Anti-Gay Law: Ugandan Shilling Sees Biggest Drop Since 2012

Uganda’s shilling has dropped for three straight days, eroding gains in Africa’s third-best performing currency this year after President Yoweri Museveni signed a law imposing life sentences on some homosexual acts, Bloomberg reports in BusinessWeek.

The shilling fell the most since March 2012 against the dollar after donors started
cutting aid following Museveni’s Feb. 24 signing of the bill.

Africa’s biggest coffee exporter relies on donors for about 20 percent of its annual budget, according to Bloomberg.

“In the long run, foreign direct investment could be withdrawn, which will have a bigger
impact than the donor aid,” said Jacques Nel, an economist at NKC Independent Economists in Paarl, South Africa. The law “creates increased risk that companies may no longer invest in the country or invest less.”

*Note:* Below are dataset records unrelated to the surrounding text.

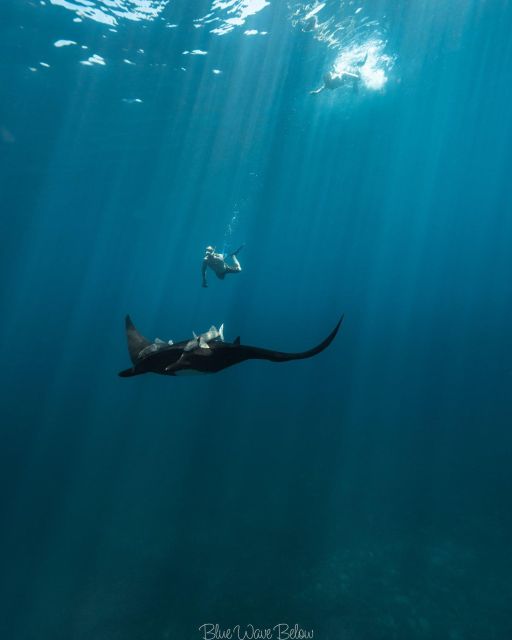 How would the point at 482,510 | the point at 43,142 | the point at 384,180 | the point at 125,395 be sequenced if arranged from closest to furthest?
the point at 482,510, the point at 43,142, the point at 125,395, the point at 384,180

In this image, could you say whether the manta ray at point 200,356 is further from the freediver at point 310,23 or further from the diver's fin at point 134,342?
the freediver at point 310,23

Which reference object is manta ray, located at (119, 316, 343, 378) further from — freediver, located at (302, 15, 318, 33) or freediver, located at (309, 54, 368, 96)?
freediver, located at (302, 15, 318, 33)

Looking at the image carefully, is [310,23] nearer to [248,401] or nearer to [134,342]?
[134,342]

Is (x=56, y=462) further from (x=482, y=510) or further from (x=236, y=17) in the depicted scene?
(x=236, y=17)

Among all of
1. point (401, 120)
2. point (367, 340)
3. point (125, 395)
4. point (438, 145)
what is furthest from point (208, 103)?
point (367, 340)

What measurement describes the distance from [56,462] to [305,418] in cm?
2066

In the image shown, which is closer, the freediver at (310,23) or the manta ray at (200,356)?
the manta ray at (200,356)

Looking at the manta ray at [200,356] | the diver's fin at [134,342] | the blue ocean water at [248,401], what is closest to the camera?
the manta ray at [200,356]

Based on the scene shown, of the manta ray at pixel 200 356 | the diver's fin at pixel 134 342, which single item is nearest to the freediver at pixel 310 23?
the diver's fin at pixel 134 342

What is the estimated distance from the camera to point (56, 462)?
29.0 metres

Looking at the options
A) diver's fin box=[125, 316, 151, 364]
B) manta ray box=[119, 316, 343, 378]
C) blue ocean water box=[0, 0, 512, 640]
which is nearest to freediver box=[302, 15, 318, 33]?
blue ocean water box=[0, 0, 512, 640]

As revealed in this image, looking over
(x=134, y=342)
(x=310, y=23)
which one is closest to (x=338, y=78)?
(x=310, y=23)

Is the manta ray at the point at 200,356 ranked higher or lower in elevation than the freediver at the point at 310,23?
lower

Norway is withholding aid, Bloomberg reports. Denmark said it will redirect assistance to private industries.

London-based Barclays Plc said in an email Barclays Africa Group is assessing the potential impact of the Ugandan law relating to homosexuality.

Standard Bank Group Ltd. — Africa’s largest lender — said it was reviewing the legislation and would not comment, according to spokeswoman Kate Johns.

Swedish Finance Minister Anders Borg is reconsidering his nation’s program after Standard & Poor’s cut Uganda’s credit rating in January on concerns the budget deficit will widen as spending increases, according to Bloomberg. Donors including the World Bank, the U.K. and Ireland suspended support in 2012 because of corruption.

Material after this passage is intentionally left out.